Chief Justice of India N V Ramana on Saturday said he is not a sophisticated speaker and learnt English in Class 8.
The comment was in response to Solicitor General Tushar Mehta's clarification that he was not even remotely suggesting that only farmers are responsible for air pollution in the Delhi-NCR region.
"Unfortunately I am not a sophisticated speaker. This is my drawback as I learnt English in Class 8. I don't have good English for expressing words. I studied law in the English language," the chief justice told Solicitor General Mehta, who was appearing for the Centre.
"The language in which our response as lawyers is taken might send the wrong message which was not the intention," Solicitor General Mehta had said.

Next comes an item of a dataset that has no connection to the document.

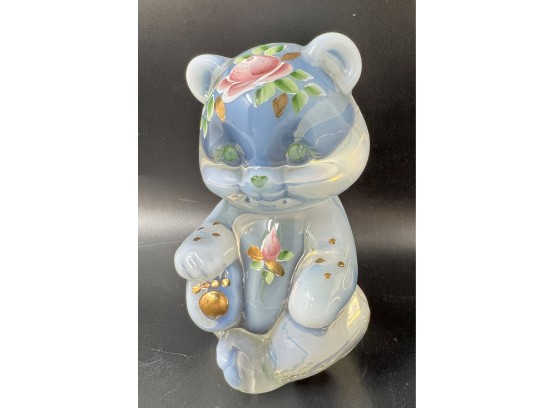 Hand Painted Opalescent Fenton Teddy Bear Paper Weight Signed Roses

He said he too had learnt his English in Class 8 and studied till graduation in Gujarati medium.
"We are sailing in the same boat. My law was in English medium," Solicitor General Mehta said.
The Supreme Court has termed the rise in air pollution in the Delhi-NCR region an "emergency" and asked the Centre and the Delhi government to take immediate measures to improve air quality, suggesting steps such as stopping vehicles and clamping a lockdown in the national capital.

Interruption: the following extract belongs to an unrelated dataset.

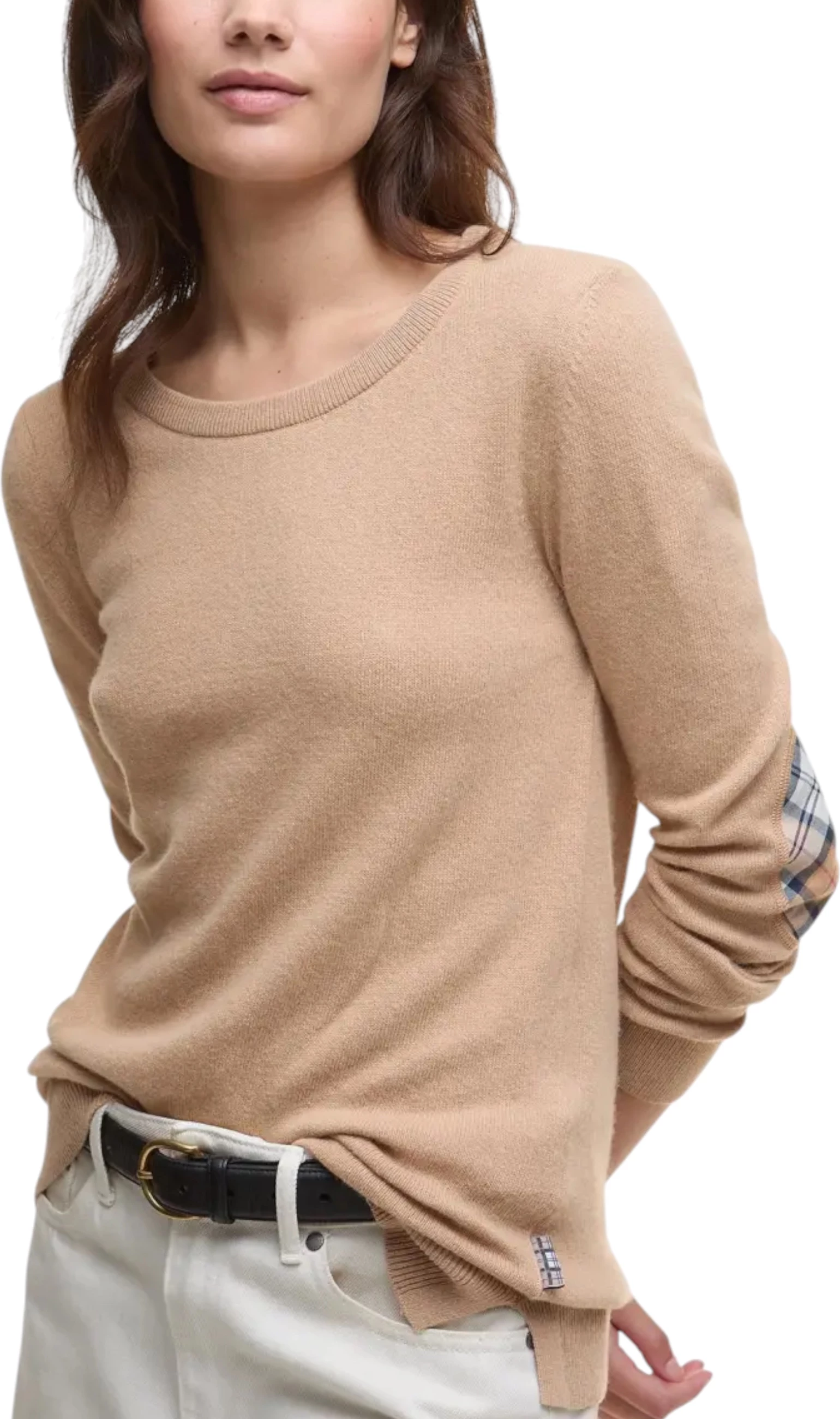 Xhemper për femra Barbour Pendle Crew Knit LKN1075, bejzh [Madhësia: 14]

"We want the pollution to decrease ultimately. Nothing else," the chief justice said.
The bench, also comprising Justices D Y Chandrachud and Surya Kant, said there are other reasons for pollution such as vehicular emissions, firecrackers and dust, and singling out stubble burning is not the solution.

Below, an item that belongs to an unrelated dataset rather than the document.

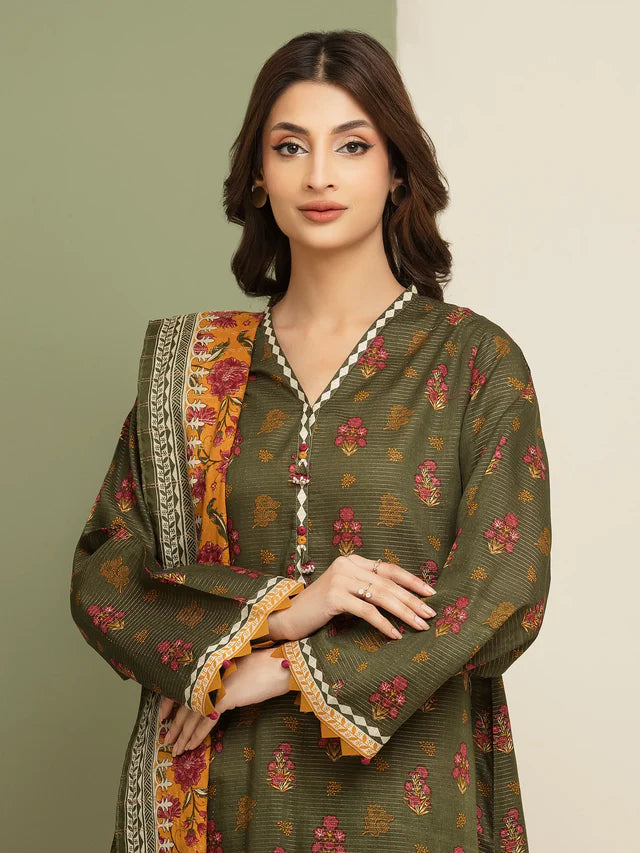 AJ Unstitched Green Printed Zari Lawn 3 Piece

"Your projection is as if farmers are responsible for this pollution. Seventy per cent. First let the Delhi people be controlled. Where is the effective mechanism to control fire crackers, vehicle pollution etc?"
"We understand some per cent is stubble burning. Rest is crackers, vehicular pollution, industries, dust pollution etc. You tell us how to bring AQI levels from 500 to 200 points in Delhi. Take some immediate urgent measures like a two-day lockdown," the bench said.
The observations came while hearing a plea filed by environmental activist Aditya Dubey and law student Aman Banka, who sought directions to provide stubble-removing machines to small and marginal farmers for free.